The city of Bucha after liberation from the Russians
Photo courtesy: President.gov.ua
In our ulpan, there are people from Russia who support Ukraine even though they consider Russia their homeland
We are renting an apartment in Jerusalem and studying at the ulpan; the girls are attending the Naale school, where kids from all the former Soviet states study in Russian with intensive Hebrew lessons. The topic of the war is taboo in the Havat-a-Noar school, although the kids still discuss it among themselves. It’s interesting that many children from Russia support Ukraine, keep a Ukrainian flag at home; some attend pro-Ukrainian rallies.

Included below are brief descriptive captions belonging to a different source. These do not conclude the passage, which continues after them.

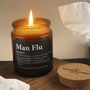 Brown Jar Candle • “Man Flu” • Scented Jar Candle • Gift For Him • Fathers Day • Special Dad | Novelty Candle • Humor Candle, thumbnail 1 of 3
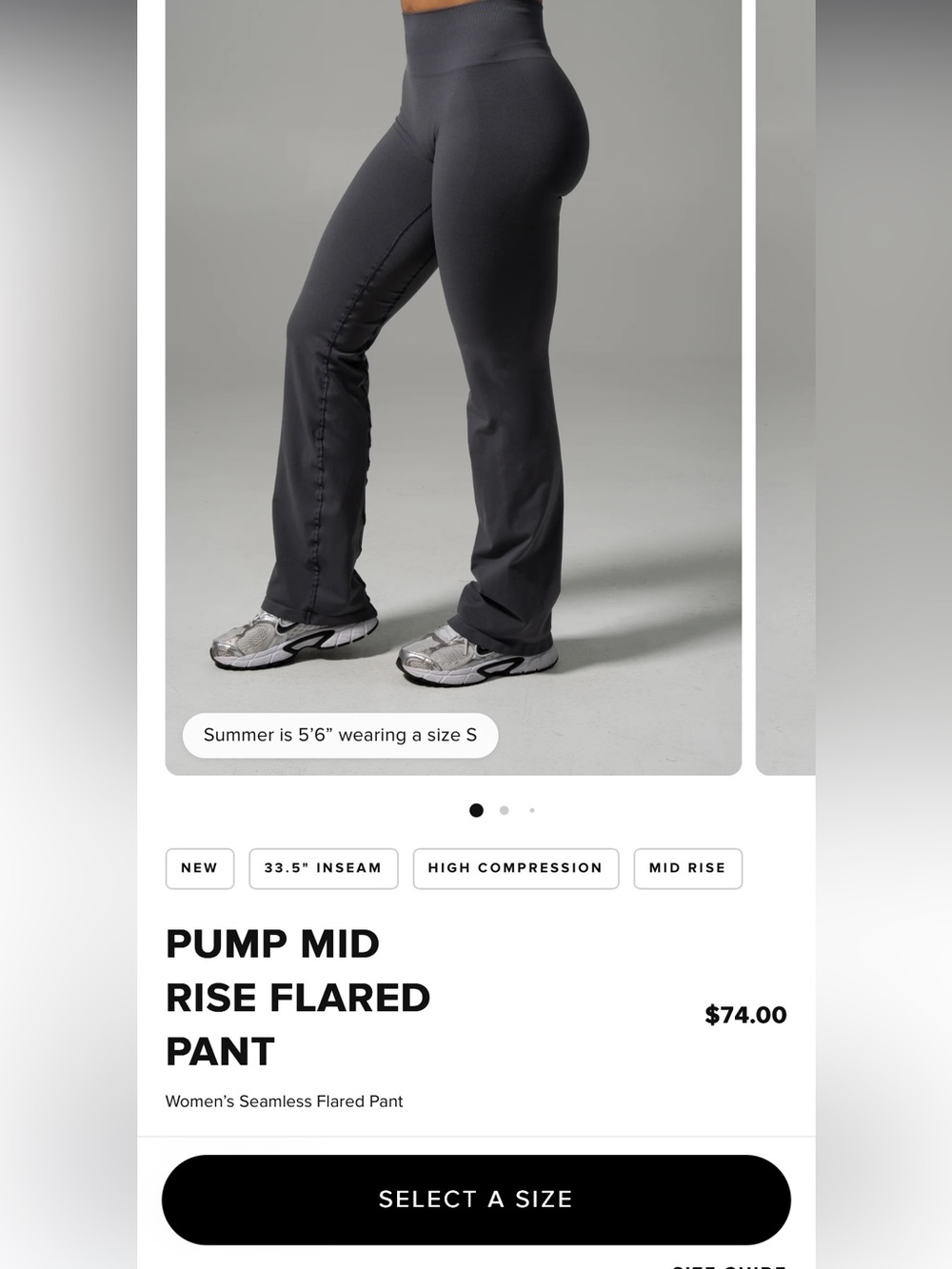 Alphalete pump flare xs tall
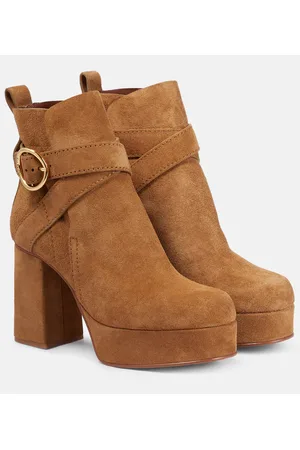 20mm Juliet Suede Ankle Boots
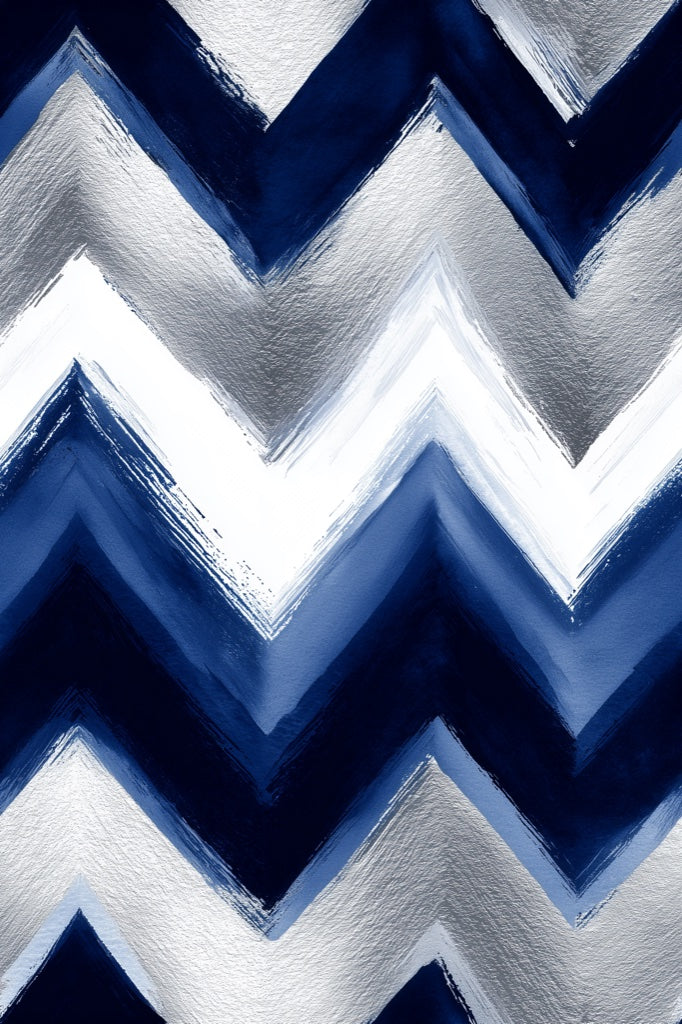 Deep Navy Blue Chevron Pattern Wallpaper pattern artwork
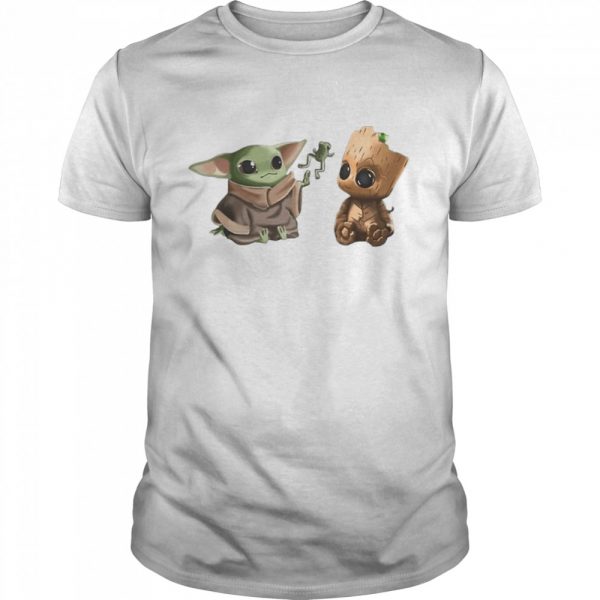 Baby Yoda And Baby Groot Frog Classic Mens T-shirt - Image 2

I recently went to the theater and struck up a conversation with an elderly woman during the intermission. She came from Russia a long time ago. She asked: ”Is it true that everything in Bucha was staged?” I didn’t try to convince her of anything. I just said that my phone is full of “stagings” like that: videos of shot out windows and us boiling the kettle during a shelling. She was so impressed that told me after the performance that she hadn’t given tzedakah (charity) that month, and wanted to give it to me. It was very embarrassing, but it was also uncomfortable to refuse; it was just so unexpected.

In our ulpan, there are people from Russia who support Ukraine even though they consider Russia their homeland. That’s how we befriended a young couple from Moscow. They already had a permanent residence visa; they had planned to leave during the summer, but when the war started on the 24th, they immediately left. They just couldn’t stay in Russia anymore.